Hi Lucie-Aimée,
Nice to see work in this direction is progressing. Some comments in-line.
On Wed, Apr 4, 2018 at 7:49 AM, Lucie-Aimée Kaffee kaffee@soton.ac.uk wrote:
Therefore, we worked on producing sentences from the information on Wikidata in the given language. We trained a neural network model, the details can be found in the preprint of the NAACL paper here: https://arxiv.org/abs/1803.07116
It would be good to do human (both readers and editors, and perhaps both sets) evaluations for this research, too, to better understand how well the model is doing from the perspective of the experienced editors in some of the smaller languages as well as their readers. (I acknowledge that finding experienced editors when you go to small languages can become hard.)
Furthermore, we would love to hear your input: Do you believe, one sentence summaries are enough, can we serve the communities needs better with more than one sentence?
This is a hard question to answer. :) The answer may rely on many factors including the language you want to implement such a system in and the expectation the users of the language have in terms of online content available to them in their language.

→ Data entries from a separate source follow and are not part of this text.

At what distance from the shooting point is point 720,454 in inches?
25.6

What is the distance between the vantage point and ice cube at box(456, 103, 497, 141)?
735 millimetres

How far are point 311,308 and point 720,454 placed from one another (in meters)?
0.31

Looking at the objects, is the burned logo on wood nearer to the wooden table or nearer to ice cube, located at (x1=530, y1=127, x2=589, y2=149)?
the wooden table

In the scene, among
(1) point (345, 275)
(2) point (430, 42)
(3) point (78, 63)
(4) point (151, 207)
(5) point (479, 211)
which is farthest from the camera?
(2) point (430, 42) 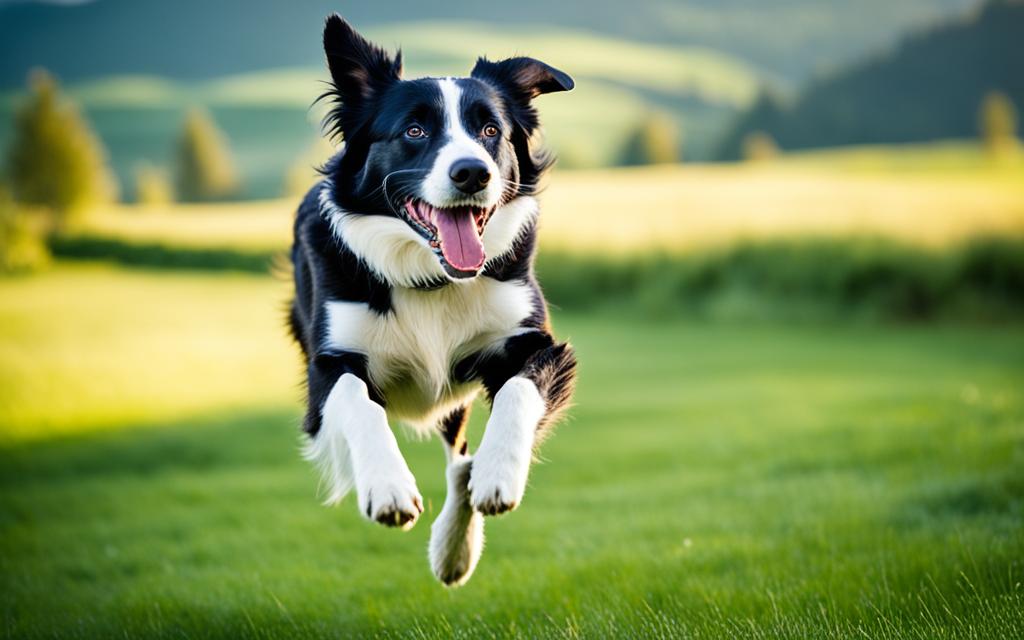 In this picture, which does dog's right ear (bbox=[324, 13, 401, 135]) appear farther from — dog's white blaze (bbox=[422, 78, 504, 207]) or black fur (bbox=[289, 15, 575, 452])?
dog's white blaze (bbox=[422, 78, 504, 207])

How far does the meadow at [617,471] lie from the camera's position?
5.23 metres

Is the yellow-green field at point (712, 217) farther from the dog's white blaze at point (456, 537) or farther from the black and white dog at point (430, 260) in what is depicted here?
the dog's white blaze at point (456, 537)

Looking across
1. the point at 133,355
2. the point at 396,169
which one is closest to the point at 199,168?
the point at 133,355

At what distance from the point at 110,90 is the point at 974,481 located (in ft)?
371

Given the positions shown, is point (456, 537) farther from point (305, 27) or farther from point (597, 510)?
point (305, 27)

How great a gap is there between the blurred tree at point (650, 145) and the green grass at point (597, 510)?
4958cm

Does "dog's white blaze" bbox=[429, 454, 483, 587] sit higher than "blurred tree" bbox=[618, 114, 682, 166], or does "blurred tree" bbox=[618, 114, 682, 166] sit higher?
"dog's white blaze" bbox=[429, 454, 483, 587]

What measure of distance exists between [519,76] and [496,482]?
202cm

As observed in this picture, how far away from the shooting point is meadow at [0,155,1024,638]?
5230 mm

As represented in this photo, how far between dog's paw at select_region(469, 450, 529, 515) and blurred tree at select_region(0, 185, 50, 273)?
3261cm

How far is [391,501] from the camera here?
345cm

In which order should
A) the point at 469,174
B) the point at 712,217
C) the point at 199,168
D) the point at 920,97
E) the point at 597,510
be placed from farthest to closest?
the point at 920,97
the point at 199,168
the point at 712,217
the point at 597,510
the point at 469,174

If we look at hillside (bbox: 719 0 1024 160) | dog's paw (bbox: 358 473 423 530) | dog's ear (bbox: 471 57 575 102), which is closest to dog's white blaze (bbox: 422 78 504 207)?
dog's ear (bbox: 471 57 575 102)

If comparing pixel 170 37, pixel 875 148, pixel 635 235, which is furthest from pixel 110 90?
pixel 635 235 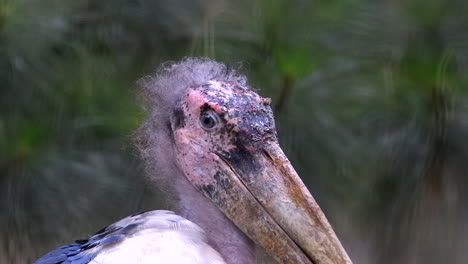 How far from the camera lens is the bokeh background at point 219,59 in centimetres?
200

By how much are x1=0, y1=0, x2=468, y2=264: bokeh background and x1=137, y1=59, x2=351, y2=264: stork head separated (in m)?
0.71

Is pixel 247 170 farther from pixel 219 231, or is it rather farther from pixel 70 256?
pixel 70 256

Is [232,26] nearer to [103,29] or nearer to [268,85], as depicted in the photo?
[268,85]

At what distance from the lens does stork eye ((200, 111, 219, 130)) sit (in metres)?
1.24

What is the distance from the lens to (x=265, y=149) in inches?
47.6

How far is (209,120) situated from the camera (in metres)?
1.24

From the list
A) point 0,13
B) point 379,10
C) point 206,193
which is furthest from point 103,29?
point 206,193

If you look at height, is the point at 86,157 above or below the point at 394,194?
above

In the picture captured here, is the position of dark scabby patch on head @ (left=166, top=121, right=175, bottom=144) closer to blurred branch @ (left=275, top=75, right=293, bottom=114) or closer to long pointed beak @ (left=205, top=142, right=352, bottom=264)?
long pointed beak @ (left=205, top=142, right=352, bottom=264)

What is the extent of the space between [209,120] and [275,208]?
201 millimetres

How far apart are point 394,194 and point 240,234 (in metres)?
1.20

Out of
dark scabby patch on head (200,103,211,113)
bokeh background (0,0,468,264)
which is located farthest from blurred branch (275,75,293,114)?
dark scabby patch on head (200,103,211,113)

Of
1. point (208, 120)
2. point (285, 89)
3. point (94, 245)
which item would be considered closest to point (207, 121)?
point (208, 120)

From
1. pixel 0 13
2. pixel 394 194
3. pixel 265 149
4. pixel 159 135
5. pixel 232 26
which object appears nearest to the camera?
pixel 265 149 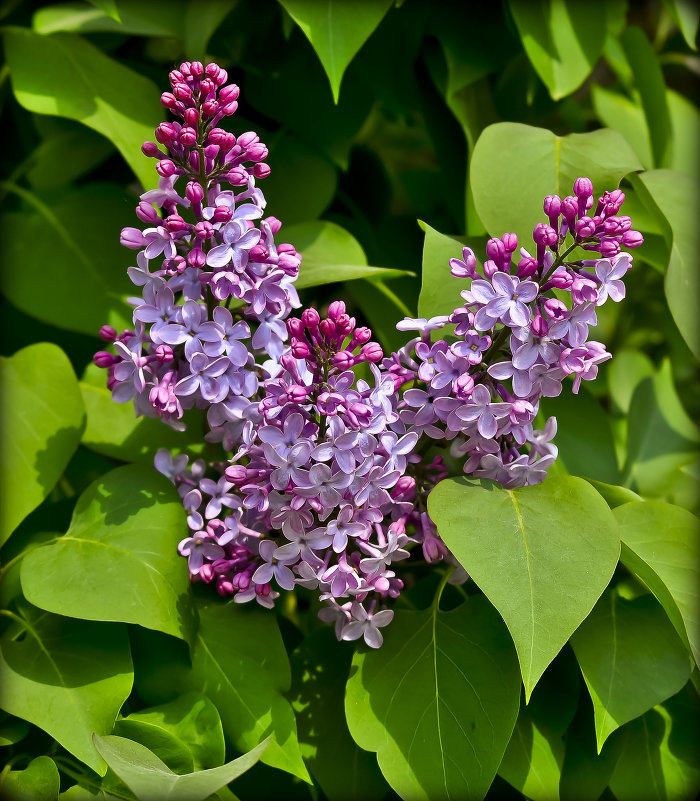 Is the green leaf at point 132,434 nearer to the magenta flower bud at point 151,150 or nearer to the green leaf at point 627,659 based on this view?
the magenta flower bud at point 151,150

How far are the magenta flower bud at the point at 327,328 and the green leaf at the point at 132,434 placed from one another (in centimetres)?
32

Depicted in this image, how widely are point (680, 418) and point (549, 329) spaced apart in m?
0.71

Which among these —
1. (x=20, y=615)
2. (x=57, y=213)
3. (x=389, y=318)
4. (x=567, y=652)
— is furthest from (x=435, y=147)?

Is this still true if longer abstracts would be of lower text quality?
same as above. You are signing yourself up for more experiments. ;)

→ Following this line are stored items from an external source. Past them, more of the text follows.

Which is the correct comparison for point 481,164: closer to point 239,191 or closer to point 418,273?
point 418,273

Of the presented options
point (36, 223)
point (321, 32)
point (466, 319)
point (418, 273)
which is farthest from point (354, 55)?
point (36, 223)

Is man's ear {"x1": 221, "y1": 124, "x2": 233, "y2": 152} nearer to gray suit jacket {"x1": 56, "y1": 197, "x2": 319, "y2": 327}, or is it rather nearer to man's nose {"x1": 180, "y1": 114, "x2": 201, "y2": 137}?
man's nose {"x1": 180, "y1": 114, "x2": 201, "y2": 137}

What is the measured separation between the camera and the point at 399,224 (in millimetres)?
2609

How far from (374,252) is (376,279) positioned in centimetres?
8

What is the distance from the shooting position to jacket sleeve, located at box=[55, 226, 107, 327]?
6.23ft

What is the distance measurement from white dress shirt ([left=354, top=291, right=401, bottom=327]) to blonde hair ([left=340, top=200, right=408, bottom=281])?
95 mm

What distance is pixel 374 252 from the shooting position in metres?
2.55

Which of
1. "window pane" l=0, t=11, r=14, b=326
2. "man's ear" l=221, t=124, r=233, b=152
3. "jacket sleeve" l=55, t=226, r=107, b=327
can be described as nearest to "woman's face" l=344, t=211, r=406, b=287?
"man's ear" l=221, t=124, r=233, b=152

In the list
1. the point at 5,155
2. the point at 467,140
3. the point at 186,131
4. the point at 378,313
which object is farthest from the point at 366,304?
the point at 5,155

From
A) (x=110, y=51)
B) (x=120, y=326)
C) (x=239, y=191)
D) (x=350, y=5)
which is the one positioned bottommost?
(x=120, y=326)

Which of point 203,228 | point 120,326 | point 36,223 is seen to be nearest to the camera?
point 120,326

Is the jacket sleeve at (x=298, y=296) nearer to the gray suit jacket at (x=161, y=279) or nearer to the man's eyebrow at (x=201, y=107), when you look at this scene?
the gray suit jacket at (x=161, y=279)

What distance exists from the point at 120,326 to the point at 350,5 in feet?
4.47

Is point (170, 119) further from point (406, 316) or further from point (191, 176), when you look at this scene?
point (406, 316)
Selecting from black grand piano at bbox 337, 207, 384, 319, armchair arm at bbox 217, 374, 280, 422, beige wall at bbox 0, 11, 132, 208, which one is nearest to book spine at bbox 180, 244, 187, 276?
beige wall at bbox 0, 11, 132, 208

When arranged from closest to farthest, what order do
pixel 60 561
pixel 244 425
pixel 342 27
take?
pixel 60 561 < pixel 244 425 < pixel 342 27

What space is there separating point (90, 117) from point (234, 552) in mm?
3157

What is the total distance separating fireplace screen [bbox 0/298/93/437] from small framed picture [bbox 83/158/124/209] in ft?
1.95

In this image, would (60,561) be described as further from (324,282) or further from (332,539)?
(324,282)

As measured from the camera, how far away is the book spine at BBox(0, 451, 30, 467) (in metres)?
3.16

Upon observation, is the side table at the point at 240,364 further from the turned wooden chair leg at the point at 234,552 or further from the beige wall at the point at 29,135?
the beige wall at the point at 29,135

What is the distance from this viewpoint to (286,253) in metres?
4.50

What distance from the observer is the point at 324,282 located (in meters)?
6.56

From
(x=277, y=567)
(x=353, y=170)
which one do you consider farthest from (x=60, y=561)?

I would be interested to know: * What is the perception of the readers of a given language about Wikipedia if a lot of articles that they go to in their language have one sentence (to a good extent accurate), a few sentences but with some errors, more sentences with more errors, versus not finding the article they're interested in at all? * Related to the above: what is the error threshold beyond which the brand perceptions will turn negative (to be defined: may be by measuring if the user returns in the coming week or month.)? This may well be different in different languages and cultures. * Depending on the result of the above, we may want to look at offering the user the option to access that information, but outside of Wikipedia, or inside Wikipedia but very clearly labeled as Machine Generated as you do to some extent in these projects.

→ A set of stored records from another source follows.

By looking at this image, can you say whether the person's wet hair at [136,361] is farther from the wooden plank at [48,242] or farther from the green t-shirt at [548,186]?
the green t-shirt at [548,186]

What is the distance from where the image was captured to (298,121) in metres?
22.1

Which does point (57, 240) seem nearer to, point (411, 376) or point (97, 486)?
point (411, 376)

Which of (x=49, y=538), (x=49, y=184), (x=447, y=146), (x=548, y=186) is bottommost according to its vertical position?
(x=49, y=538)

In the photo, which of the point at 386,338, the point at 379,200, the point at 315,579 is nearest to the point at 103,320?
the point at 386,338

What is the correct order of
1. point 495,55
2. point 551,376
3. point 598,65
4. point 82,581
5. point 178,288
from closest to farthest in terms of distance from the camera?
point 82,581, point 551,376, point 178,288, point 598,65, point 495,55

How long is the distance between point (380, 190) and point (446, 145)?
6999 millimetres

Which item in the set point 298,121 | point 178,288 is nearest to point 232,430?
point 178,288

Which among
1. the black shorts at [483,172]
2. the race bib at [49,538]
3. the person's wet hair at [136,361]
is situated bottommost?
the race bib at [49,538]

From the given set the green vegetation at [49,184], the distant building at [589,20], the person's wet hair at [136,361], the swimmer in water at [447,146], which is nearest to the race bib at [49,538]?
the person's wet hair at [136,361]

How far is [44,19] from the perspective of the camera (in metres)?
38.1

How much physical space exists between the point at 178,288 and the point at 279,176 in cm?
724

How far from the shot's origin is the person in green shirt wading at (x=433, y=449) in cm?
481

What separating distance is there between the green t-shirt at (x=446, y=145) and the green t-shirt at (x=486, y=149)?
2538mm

What other interesting use cases for such a technology in the Wikimedia world can you imagine?
The technology itself can have a variety of use-cases, including providing captions or summaries of photos even without layers of image processing applied to them.
Best, Leila
[1] https://www.mediawiki.org/wiki/Extension:ArticlePlaceholder and https://commons.wikimedia.org/wiki/File:Generating_Article_Placeholders_from... [2] https://eprints.soton.ac.uk/413433/1/Open_Sym_Short_Paper_Wikidata_Multiling...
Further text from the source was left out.